- _Your assignment_
Beginning with the line that has "Women Evening Bags", write out each line down to the end of the records below exactly, and include no pictures.

** Opening Source data block **

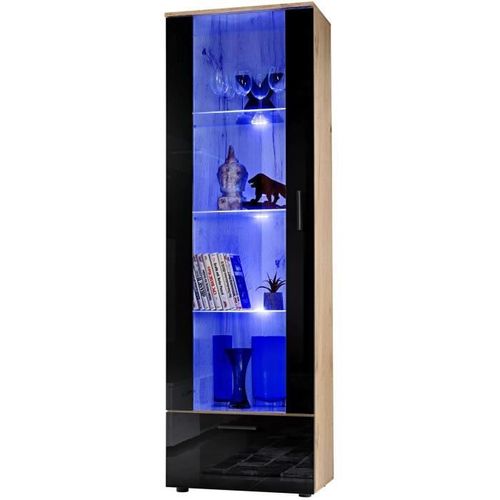 Vitrine Armoire Alessandria Komodee - Led Bleues - Noir Brillant Et Bois Naturel - Facades En Brillant - 60 X 192 X 42 Cm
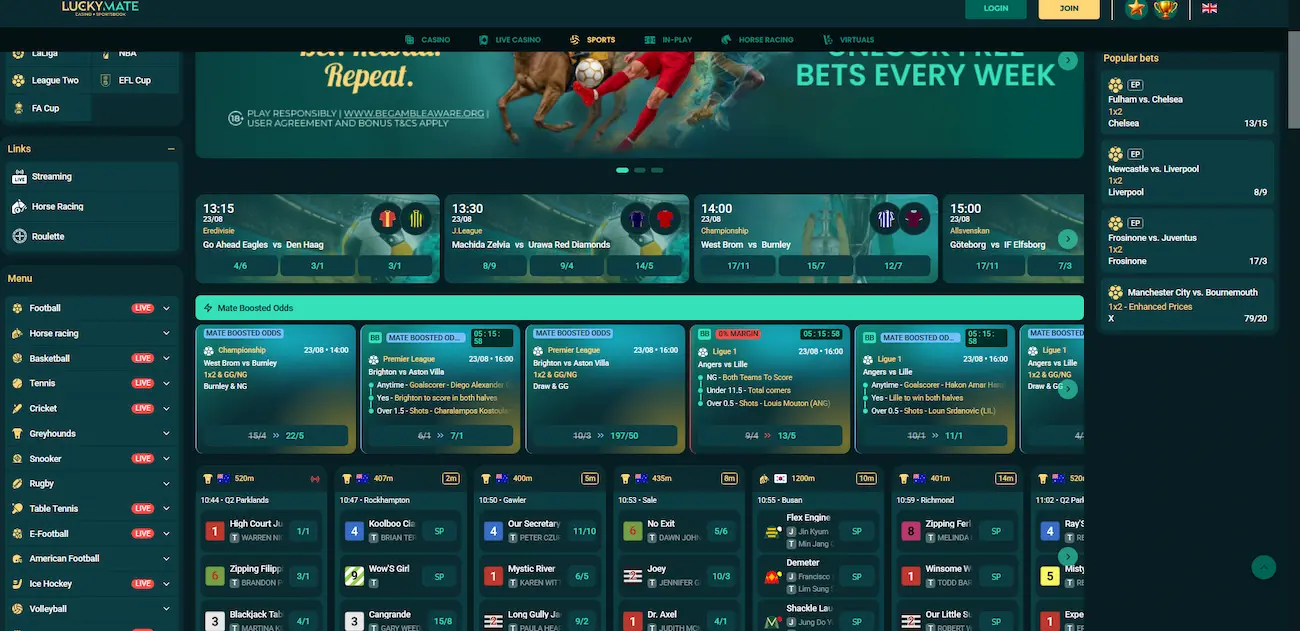 Luckymate sportsbook showing AFL, NRL and cricket betting markets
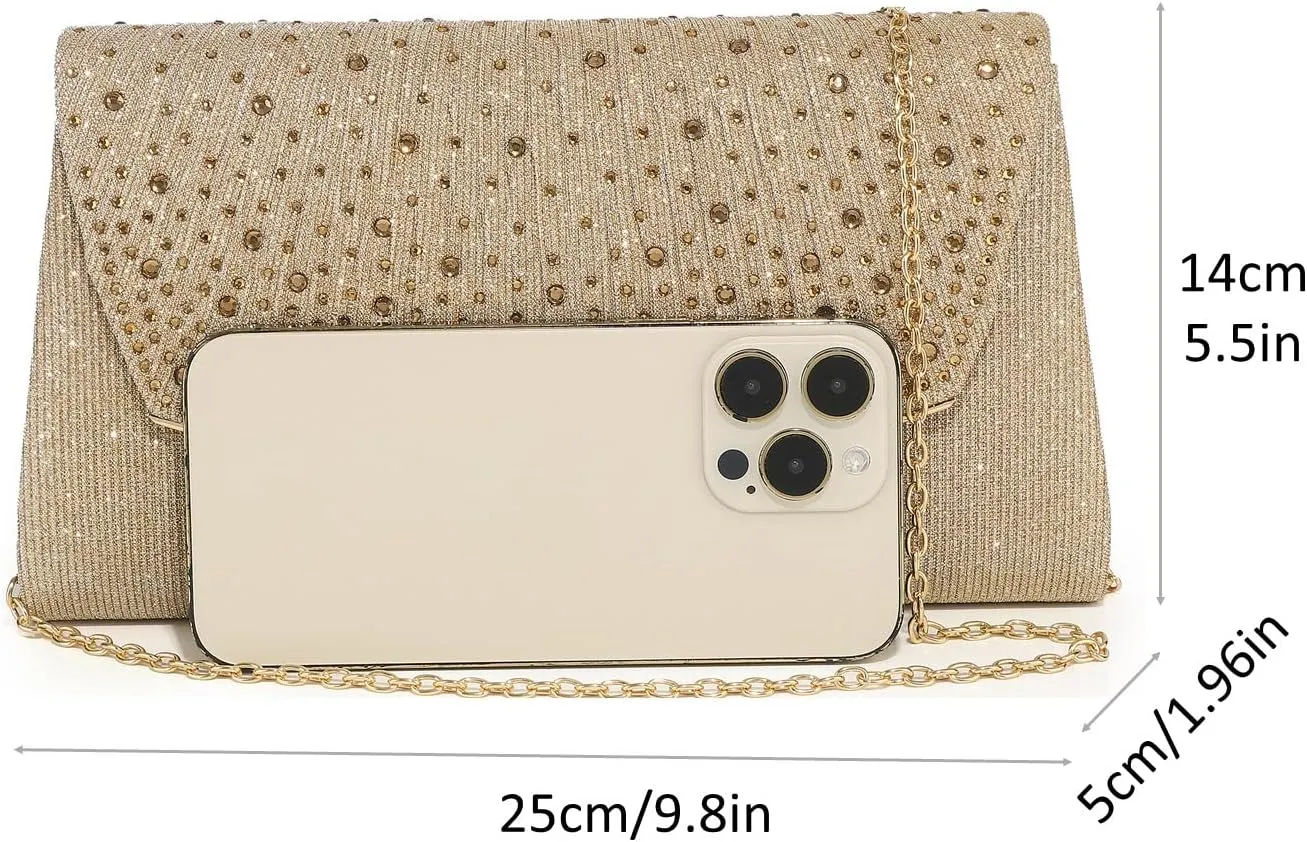 Women Evening Bags Glitter Sequins Clutch Purses for Women Shiny Crystal Falp Handbag Formal Wedding Party Prom Purse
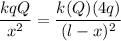 \dfrac{kqQ}{x^2}=\dfrac{k(Q)(4q)}{(l-x)^2}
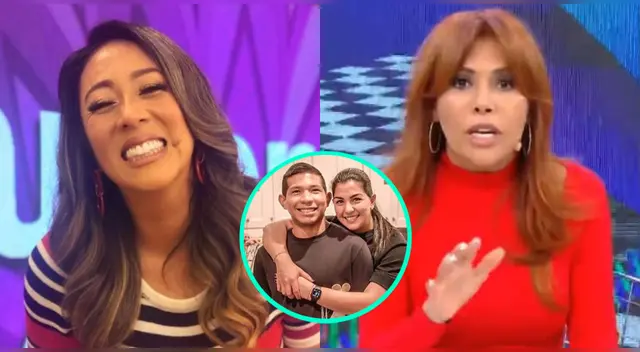 Cathy Sáenz preparó la "grabadora" mientras escuchaba a Magaly Medina echarle la culpa por los problemas en la relación de Edison Flores y Ana Siucho.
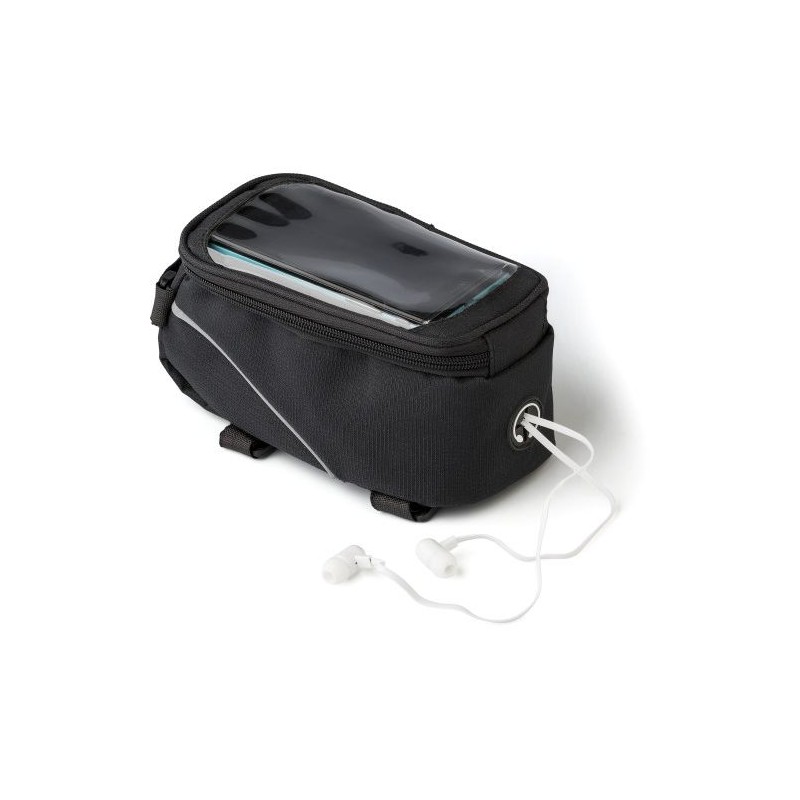 Sacoche  en polyester 600D pour vélo Priya Matières : nylon Couleurs : noir objet promotionnel éco-responsable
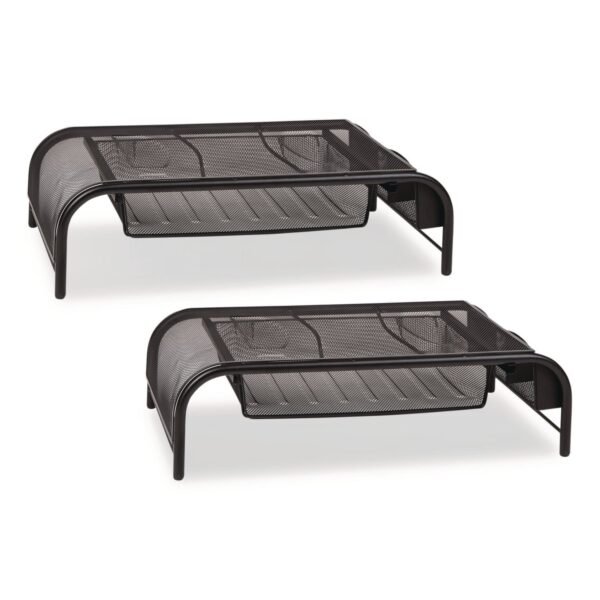 Mind Reader Metal Mesh Monitor Stand with Paper Tray, 20" x 11.5" x 5.5", Black, Supports 33 lb, 2/Pack (2MESHMONBLK)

** Closing Source data block **

- _Completed task_
 Women Evening Bags Glitter Sequins Clutch Purses for Women Shiny Crystal Falp Handbag Formal Wedding Party Prom Purse
 \dfrac{kqQ}{x^2}=\dfrac{k(Q)(4q)}{(l-x)^2}
 Cathy Sáenz preparó la "grabadora" mientras escuchaba a Magaly Medina echarle la culpa por los problemas en la relación de Edison Flores y Ana Siucho.
 Sacoche  en polyester 600D pour vélo Priya Matières : nylon Couleurs : noir objet promotionnel éco-responsable
 Mind Reader Metal Mesh Monitor Stand with Paper Tray, 20" x 11.5" x 5.5", Black, Supports 33 lb, 2/Pack (2MESHMONBLK)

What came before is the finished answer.